Ideally, she said, children should be fitted with hearing aids before six months, so that “we can begin to assess if we are getting good responses.” Implants, she said, “are for children who don’t get a good response with hearing aids.” These are typically children with profound sensorineural bilateral hearing loss, meaning more than 90 dBHL.
This can be difficult to assess when the child is an active baby, who may frequently dislodge the hearing aids or simply pull them out. “It’s a real challenge,” said Whitelaw, “but when the hearing aid is working, you can see it in the baby’s face. You will see a reaction to sound, it will startle them, or see curious looks.”
On the day Whitelaw was interviewed, she was evaluating a 15-month-old boy. “We’ve been giving hearing aids a college try, but I think we are only getting a limited benefit,” she said. “This family is now struggling with the decision about surgery. They are afraid of surgery, but they recognize that we are not seeing progress.”
Another advantage for cochlear implants—and all the hearing surgical procedures—is that they are covered by insurance. Insurance does not pay for hearing aids.
The implants have three parts: a headpiece, a speech processor and a receiver. The headpiece includes a microphone and a transmitter and is worn behind the ear. It picks up sound and sends it to the speech processor, which is a beeper-sized device that can be worn on a belt or carried in a pocket. The speech processor converts sound into a signal that is sent to the receiver, which is implanted subcutaneously behind the ear. The receiver sends a sound signal to the brain, which “hears” the sound.

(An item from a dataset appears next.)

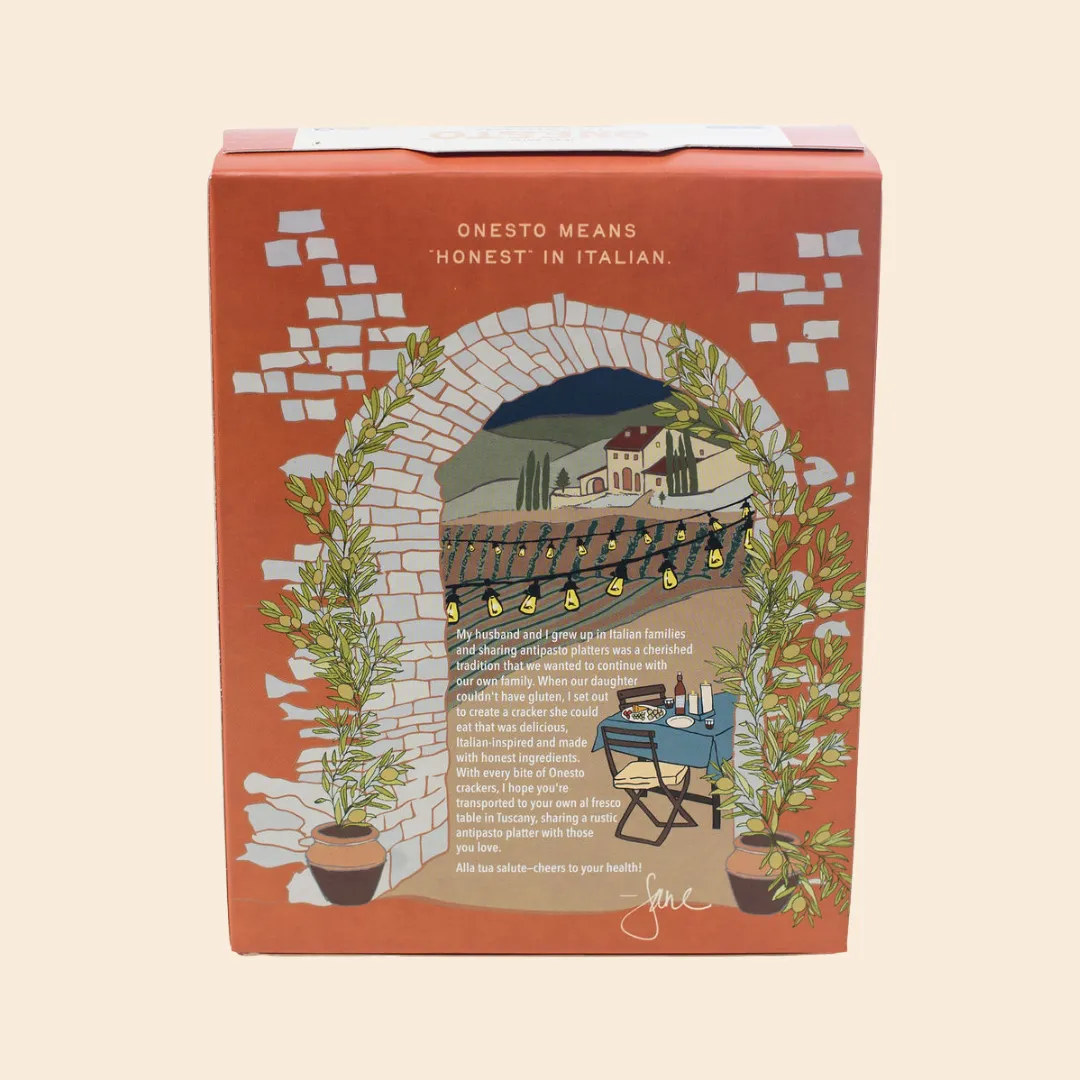 Onesto Gluten-Free Rosemary Crackers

But surgery is not without risks. The complication rate for cochlear implants in adults is roughly 5%, according to the NIH advisers, and the pediatric complication rate is less. That compares favorably to the most common device implantations-pacemakers and implantable cardioverter defibrillators, which have a 10% surgical complication rate.
Most importantly, the cochlear implant offers entry into “the hearing world,” a world that may not be suitable for all people with hearing loss, said Whitelaw. “This requires a big decision. The hearing world is not for everyone and many families chose a different path.”